There are 95 families directly
impacted by the pending protective restrictions on the land, and every citizen
in the county will be forever affected by the longer term fallout. There are
also over 500 points of water on the greater backdrop of those lands that are
there and maintained only because of the livestock industry that depends on
those lands. That compares to five natural water sources. Not being a purpose of the proclamation, the
livestock industry must wait for public scoping to solidify the management plan
to reveal the real measures of restriction it faces. As a use in the action, ranchers have been told a grandmother in Miami Beach has as much to
say about how the monument should be managed as they have.
As one of those livestock
producers, the true common language of stewardship of the lands in question
should be revealed only in law and in legislative action rather than mob action
and environmental pact money. Over $2 million was waged against the diminishing
community that created the customs and culture of these lands. There was no
reasonable expectation that any similar defense could be raised in our behalf.
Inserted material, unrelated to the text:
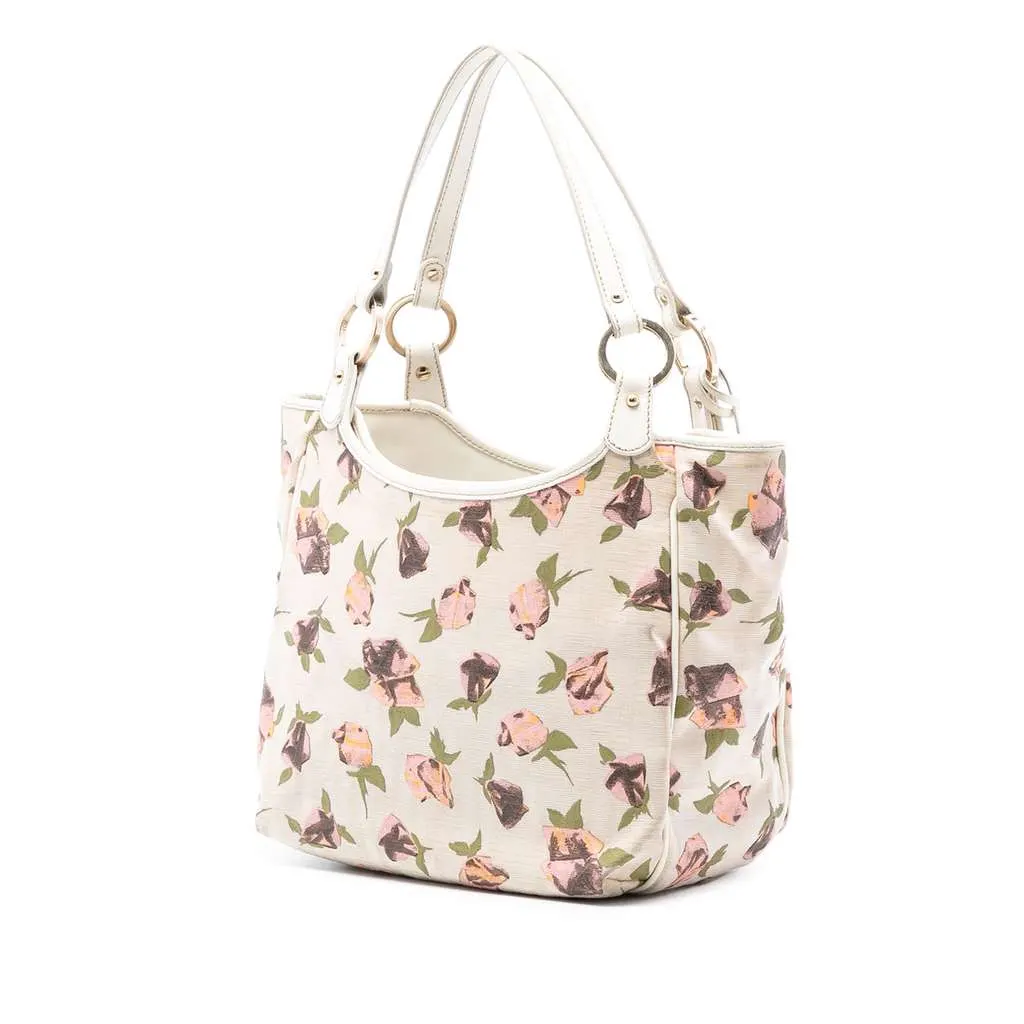 Fendi Zucca Canvas Rose Printed Chef Handbag Brown Canvas Good - Back View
The shared values of decency and
dignity assumed in the relationship between the elected senatorial office
holders who implored the actions of the president and those emissaries of
customs and culture are nonexistent. To our knowledge, not a single request for
any measure of protection was accepted much less advocated by Senators Udall and
Heinrich (Ds-NM). The intolerance and disrespect of those actions is symbolic
of the greater assault being waged on heritage industries in every corner of
our Union.
In the darkest hours of World War
II, Winston Churchill stood before a joint session of Congress and reminded our
leadership of the dangers of discord amongst the Allies. “It is in the dragging-out of the war at enormous expense, until the
democracies are tired and bored or split, that the main hopes of (the
enemies) must now reside”, he
lectured. The eight year siege by New
Mexico’s senatorial leadership against the local
community in posturing to exploit the ultimate course around a legislative
process defines the fear Churchill envisioned.
There is no constitutional victory
in this presidential proclamation … the little guys were drawn and quartered,
and, adding horrors to their constant fear … every similar designation has
assured the fact most of them will not survive.
Stephen L. Wilmeth is a rancher
from southern New Mexico.
“The New Mexico Wilderness Alliance complete wilderness inventory, and thus
Senator Tom Udall’s marching orders, totals 2,917,366 acres … local, rural
communities have no stroke with this man unless they are on a colonia list.”
2 comments:
Thank you for the History lesson.
One comment relative to the rancher developed water --- under Nevada Water Law the federal and state regulators can deny a ranch access to water that is held as a water right under statute or as a vested water right that was established prior to passage of Nevada Water Law but the condemnation process requires just compensation. However, compensation for pre-existing rights is only paid when the rancher/owner defends the property rights.
All I can say - Thank God for President Theodore Roosevelt.